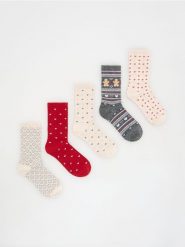 Skarpetki ze świątecznym motywem 5 pack - czerwony. Czerwone skarpetki Reserved, bez wzorów. Za 59.99 zł.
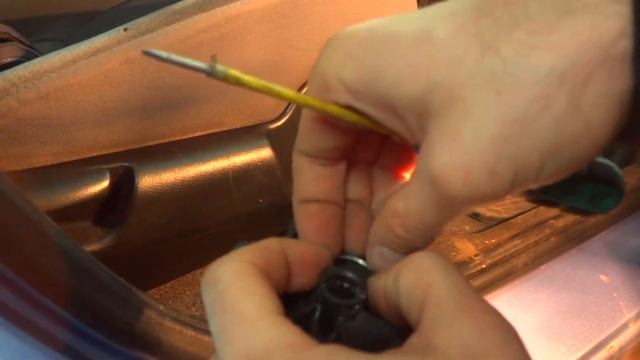 Снятие и установка регулятора высоты сидения Honda FiT смотреть онлайн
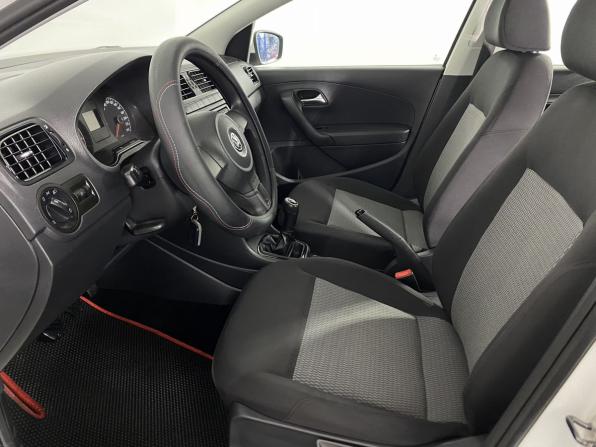 Volkswagen Polo V с пробегом 2012 года, цена 666 000 рублей, 194549 км, седан, Автокод Объявления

########

> _DIRECTIONS_
Leave the images out and give the rest of the data again exactly.

> _EXERCISE OUTPUT_
 Skarpetki ze świątecznym motywem 5 pack - czerwony. Czerwone skarpetki Reserved, bez wzorów. Za 59.99 zł.
 Снятие и установка регулятора высоты сидения Honda FiT смотреть онлайн
 Volkswagen Polo V с пробегом 2012 года, цена 666 000 рублей, 194549 км, седан, Автокод Объявления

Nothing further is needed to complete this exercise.